Trade is unlikely to be the same again. This is not just because we cannot be certain of the type of recovery we are likely to see. Discussion of a ‘V’ shaped bounce-back, a “U-shaped” steady return to growth or the depressing “L” shape where growth stays flat is a misdirection from the real issue: the world is going through a major structural change and this will impact everything.
Rather, it is because banks and businesses are investing in the rapid acceleration of digitisation which will change the way we trade as well as the way we finance trade. Businesses are likely to use the time now as a reason to accelerate automation of routine tasks, changing the way we work and not just where we work. Supply chains will shorten while the phrase “reducing dependency” has become part of a political as well as an economic discourse since the crisis: inventories have crashed because of their dependency on one supplier in automotives (remember the Jaguar-Landrover trip to China with suitcases to bring back components?), in electronics and most worryingly of all, in pharmaceuticals.
But perhaps most concerning of all is how Covid has pushed the world back to a nationalism that cannot be healthy for the future of trade. Over 95 countries in the world have imposed restrictive tariff regimes on products associated with Covid 19 medical supply chains, even within the EU. The United States has bought up supplies of the drug Remdesivir, walked away from the World Health Organisation and threatened sanctions on China because it thought it was insufficiently transparent about the origins and spread of the virus. China, in return, has imposed trade restrictions on Australia for agreeing that there needed to be an independent, global inquiry into its origins.
Covid has intensified the economic nationalism that has weaponised trade since 2016. China’s military expenditure has increased year-on-year since the Global Financial Crisis. Military expenditure in the EU and the US had been declining but has increased in the last two years. All this is evident in the trade statistics and this year is no exception.
It is unlikely that these weapons will ever be used – the conflict between China and the US is an existential one centred around financial and technological power. This is a new type of conflict, not a “war” in the sense of violence, but nevertheless aggressive and using “all means” to coerce and influence.
Trade is the tool in this war and we can expect it to be used more aggressively as the world tries to pull itself from its post-Covid torpor.
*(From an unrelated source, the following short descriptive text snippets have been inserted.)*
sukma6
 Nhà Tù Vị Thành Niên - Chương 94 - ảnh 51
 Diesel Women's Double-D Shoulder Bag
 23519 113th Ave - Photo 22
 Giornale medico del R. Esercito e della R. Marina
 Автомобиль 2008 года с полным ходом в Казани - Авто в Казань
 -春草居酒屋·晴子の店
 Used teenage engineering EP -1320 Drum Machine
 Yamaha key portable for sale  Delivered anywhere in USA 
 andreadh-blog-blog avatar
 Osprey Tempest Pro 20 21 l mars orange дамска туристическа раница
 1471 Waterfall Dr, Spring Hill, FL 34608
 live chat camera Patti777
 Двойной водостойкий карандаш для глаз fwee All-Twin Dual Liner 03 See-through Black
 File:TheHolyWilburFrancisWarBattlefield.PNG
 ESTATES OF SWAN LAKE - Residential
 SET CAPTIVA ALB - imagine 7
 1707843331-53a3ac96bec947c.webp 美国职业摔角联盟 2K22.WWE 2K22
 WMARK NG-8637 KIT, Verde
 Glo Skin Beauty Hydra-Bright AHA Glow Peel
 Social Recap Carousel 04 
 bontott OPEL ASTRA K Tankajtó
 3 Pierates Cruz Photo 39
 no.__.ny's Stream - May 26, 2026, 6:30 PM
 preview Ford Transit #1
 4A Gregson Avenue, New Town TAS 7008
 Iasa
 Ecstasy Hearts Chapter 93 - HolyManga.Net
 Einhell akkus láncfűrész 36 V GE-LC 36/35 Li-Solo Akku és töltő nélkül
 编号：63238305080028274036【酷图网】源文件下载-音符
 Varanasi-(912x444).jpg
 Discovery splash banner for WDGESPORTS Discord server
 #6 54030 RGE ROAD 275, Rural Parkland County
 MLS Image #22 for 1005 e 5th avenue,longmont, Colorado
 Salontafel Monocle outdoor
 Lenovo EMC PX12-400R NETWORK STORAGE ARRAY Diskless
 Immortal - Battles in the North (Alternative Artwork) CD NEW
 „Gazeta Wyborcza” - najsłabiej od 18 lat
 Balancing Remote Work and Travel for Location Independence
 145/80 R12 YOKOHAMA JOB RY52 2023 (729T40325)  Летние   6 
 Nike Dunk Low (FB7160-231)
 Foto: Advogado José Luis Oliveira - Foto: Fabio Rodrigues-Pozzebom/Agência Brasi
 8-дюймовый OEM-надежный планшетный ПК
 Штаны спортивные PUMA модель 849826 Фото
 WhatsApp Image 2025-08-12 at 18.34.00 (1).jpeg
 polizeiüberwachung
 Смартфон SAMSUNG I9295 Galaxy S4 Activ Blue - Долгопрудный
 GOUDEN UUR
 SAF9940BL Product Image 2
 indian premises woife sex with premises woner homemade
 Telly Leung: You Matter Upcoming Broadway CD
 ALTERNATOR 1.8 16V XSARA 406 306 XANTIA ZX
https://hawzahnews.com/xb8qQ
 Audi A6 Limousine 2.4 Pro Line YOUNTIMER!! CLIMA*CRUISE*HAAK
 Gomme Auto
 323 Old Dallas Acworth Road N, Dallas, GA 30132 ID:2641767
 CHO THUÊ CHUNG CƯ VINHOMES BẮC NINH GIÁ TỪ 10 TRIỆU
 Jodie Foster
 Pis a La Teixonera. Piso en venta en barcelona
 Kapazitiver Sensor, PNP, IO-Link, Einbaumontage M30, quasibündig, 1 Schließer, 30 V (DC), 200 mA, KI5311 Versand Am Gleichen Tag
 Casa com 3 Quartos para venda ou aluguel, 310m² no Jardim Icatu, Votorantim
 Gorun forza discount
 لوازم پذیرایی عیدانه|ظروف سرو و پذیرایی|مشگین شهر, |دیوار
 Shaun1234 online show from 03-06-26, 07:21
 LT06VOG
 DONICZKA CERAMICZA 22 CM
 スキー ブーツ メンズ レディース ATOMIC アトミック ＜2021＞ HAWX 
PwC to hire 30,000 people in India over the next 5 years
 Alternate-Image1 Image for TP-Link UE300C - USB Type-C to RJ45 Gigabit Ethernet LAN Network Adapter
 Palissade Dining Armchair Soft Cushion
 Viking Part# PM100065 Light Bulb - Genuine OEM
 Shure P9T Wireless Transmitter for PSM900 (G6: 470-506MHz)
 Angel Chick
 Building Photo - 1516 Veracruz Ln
The sanctions regime is likely to become more volatile and uncertain, and it will be increasingly difficult to escape the risk of secondary sanctions because of the technological inter-dependencies that are intrinsic both to what is traded and how it is traded.
What can the trade finance sector do about this?
Banks and businesses alike that believe in the power of multilateralism must fight to ensure that politicians know the damage that the collapse of the world trade system could do and show that it can adjust to the new structures that will be inevitable as a result of shifts in digitisation and supply chains that we will see. There will be opportunities – greater digitisation means that there is greater scope to support SMEs; localisation of supply chains is an essential first step towards greater sustainability. And if all else fails, keep eating the chocolate.